• Caption-style text data
+===+

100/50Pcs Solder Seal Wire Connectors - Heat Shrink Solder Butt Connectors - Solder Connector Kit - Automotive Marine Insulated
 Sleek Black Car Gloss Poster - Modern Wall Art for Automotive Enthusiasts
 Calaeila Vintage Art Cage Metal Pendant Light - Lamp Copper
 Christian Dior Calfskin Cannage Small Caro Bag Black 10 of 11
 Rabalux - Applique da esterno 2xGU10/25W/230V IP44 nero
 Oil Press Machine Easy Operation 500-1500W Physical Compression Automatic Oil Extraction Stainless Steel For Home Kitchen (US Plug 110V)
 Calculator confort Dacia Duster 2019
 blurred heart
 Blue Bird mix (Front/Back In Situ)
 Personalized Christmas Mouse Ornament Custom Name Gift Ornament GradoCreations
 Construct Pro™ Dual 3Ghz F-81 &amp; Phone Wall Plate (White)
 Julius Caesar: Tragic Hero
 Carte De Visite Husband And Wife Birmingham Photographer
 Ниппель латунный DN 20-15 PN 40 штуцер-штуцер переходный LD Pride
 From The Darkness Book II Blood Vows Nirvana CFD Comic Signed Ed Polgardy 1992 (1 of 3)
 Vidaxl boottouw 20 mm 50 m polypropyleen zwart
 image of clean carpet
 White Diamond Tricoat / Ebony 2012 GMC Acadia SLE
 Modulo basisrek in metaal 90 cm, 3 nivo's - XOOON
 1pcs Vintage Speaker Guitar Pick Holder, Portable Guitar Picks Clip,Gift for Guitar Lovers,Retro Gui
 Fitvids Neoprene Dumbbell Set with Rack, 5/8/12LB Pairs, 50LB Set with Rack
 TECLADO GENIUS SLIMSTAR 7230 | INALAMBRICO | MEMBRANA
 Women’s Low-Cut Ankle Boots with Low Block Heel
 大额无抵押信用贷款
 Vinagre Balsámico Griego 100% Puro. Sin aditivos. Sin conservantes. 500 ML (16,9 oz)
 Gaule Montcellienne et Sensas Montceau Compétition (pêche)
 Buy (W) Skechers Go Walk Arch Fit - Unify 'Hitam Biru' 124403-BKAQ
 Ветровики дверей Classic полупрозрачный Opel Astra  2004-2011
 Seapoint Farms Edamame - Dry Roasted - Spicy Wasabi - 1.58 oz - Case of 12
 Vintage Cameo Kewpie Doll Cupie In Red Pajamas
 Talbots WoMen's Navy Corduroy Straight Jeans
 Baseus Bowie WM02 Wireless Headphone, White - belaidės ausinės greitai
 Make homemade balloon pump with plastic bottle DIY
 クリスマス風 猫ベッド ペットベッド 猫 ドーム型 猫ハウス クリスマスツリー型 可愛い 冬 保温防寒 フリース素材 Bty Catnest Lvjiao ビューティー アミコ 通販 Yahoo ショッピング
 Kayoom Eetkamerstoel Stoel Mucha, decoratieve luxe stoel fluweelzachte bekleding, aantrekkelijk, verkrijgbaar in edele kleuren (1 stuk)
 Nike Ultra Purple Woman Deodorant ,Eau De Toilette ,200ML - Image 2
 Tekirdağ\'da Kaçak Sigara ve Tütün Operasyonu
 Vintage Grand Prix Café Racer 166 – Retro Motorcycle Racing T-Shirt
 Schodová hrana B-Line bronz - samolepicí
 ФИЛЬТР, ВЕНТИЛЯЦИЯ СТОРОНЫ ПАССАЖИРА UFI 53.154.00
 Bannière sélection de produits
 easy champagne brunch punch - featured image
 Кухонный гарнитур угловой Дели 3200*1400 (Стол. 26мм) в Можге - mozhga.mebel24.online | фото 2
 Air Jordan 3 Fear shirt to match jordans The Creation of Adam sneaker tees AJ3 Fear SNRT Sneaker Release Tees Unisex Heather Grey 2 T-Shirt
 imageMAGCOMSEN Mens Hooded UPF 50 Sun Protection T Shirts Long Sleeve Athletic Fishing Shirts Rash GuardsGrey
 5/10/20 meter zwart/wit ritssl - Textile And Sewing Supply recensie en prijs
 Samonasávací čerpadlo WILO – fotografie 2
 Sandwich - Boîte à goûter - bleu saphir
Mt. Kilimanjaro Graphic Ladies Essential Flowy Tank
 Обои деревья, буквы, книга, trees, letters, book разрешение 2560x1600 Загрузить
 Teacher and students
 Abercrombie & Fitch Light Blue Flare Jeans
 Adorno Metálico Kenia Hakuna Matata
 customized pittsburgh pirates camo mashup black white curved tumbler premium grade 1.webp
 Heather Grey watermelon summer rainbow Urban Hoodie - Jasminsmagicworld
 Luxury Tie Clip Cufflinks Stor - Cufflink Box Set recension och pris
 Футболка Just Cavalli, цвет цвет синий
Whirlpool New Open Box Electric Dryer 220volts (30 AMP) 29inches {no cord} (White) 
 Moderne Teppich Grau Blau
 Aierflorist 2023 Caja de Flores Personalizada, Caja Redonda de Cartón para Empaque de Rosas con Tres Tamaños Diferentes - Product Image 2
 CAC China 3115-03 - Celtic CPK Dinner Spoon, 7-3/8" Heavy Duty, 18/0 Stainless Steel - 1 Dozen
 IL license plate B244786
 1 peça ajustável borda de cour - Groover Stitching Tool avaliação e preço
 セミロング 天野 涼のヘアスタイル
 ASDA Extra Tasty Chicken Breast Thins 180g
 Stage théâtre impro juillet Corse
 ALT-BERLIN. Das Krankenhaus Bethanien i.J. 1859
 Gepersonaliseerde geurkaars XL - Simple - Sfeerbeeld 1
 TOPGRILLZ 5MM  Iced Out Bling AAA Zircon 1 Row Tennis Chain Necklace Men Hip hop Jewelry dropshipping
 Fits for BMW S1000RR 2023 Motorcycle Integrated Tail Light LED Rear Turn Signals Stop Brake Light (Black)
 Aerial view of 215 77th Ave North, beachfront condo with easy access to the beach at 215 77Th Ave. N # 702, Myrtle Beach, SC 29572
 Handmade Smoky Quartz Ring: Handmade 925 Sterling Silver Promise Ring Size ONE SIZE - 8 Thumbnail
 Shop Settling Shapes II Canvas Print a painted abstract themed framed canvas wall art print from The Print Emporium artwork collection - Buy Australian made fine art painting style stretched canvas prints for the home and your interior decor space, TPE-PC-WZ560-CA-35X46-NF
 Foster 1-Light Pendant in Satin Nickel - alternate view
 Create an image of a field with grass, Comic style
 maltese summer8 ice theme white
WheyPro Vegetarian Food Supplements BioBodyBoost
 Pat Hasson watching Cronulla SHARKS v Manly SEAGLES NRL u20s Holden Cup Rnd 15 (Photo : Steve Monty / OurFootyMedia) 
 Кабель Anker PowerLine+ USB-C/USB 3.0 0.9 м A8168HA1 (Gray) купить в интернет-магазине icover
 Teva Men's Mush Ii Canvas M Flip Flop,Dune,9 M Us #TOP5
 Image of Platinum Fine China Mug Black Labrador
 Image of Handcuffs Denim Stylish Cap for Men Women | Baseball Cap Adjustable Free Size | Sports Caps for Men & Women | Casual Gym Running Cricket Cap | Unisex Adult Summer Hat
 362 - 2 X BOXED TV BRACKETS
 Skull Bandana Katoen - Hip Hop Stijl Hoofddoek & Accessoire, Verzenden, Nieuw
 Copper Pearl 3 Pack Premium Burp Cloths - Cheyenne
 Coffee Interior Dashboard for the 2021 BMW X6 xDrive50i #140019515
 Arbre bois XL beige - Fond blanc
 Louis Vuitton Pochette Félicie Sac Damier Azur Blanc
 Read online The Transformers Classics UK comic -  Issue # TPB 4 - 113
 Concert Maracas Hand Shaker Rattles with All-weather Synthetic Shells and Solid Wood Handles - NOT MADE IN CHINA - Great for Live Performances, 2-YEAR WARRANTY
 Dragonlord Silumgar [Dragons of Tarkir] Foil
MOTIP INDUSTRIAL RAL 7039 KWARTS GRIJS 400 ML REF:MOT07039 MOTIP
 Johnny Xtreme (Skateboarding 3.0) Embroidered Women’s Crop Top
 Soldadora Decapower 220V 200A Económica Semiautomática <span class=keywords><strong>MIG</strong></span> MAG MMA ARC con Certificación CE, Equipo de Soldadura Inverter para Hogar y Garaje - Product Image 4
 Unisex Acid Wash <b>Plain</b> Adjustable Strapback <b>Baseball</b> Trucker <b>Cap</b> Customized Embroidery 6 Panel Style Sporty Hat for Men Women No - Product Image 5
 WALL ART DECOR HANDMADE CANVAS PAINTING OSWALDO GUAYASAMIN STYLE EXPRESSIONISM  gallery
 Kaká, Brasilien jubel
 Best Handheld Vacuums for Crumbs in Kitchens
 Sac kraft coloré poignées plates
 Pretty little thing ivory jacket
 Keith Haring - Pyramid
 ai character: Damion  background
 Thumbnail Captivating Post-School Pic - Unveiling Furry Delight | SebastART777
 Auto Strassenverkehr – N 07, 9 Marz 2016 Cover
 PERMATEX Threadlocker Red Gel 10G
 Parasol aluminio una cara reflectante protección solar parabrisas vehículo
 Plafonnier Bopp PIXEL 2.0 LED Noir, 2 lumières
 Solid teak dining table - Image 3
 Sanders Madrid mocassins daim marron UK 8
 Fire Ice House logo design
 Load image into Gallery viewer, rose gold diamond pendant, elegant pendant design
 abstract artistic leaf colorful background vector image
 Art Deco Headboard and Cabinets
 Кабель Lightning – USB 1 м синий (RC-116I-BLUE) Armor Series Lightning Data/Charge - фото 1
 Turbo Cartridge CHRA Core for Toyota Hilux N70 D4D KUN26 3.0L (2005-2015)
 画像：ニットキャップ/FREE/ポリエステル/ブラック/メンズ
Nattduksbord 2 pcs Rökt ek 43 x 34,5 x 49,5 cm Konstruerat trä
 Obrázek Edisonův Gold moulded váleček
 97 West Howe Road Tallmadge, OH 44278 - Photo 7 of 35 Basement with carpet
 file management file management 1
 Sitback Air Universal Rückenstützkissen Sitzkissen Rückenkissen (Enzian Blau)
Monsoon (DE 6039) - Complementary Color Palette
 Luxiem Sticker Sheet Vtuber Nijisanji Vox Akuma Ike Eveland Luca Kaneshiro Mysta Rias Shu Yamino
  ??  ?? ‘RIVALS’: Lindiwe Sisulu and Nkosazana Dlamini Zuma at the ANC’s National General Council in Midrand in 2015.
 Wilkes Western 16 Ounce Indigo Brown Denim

+===+

• Exercise requirements
Please give back only the lines between the first line of the entries and the line with "Personalized Christmas Mouse", both ends included, word for word.

• Worked solution
100/50Pcs Solder Seal Wire Connectors - Heat Shrink Solder Butt Connectors - Solder Connector Kit - Automotive Marine Insulated
 Sleek Black Car Gloss Poster - Modern Wall Art for Automotive Enthusiasts
 Calaeila Vintage Art Cage Metal Pendant Light - Lamp Copper
 Christian Dior Calfskin Cannage Small Caro Bag Black 10 of 11
 Rabalux - Applique da esterno 2xGU10/25W/230V IP44 nero
 Oil Press Machine Easy Operation 500-1500W Physical Compression Automatic Oil Extraction Stainless Steel For Home Kitchen (US Plug 110V)
 Calculator confort Dacia Duster 2019
 blurred heart
 Blue Bird mix (Front/Back In Situ)
 Personalized Christmas Mouse Ornament Custom Name Gift Ornament GradoCreations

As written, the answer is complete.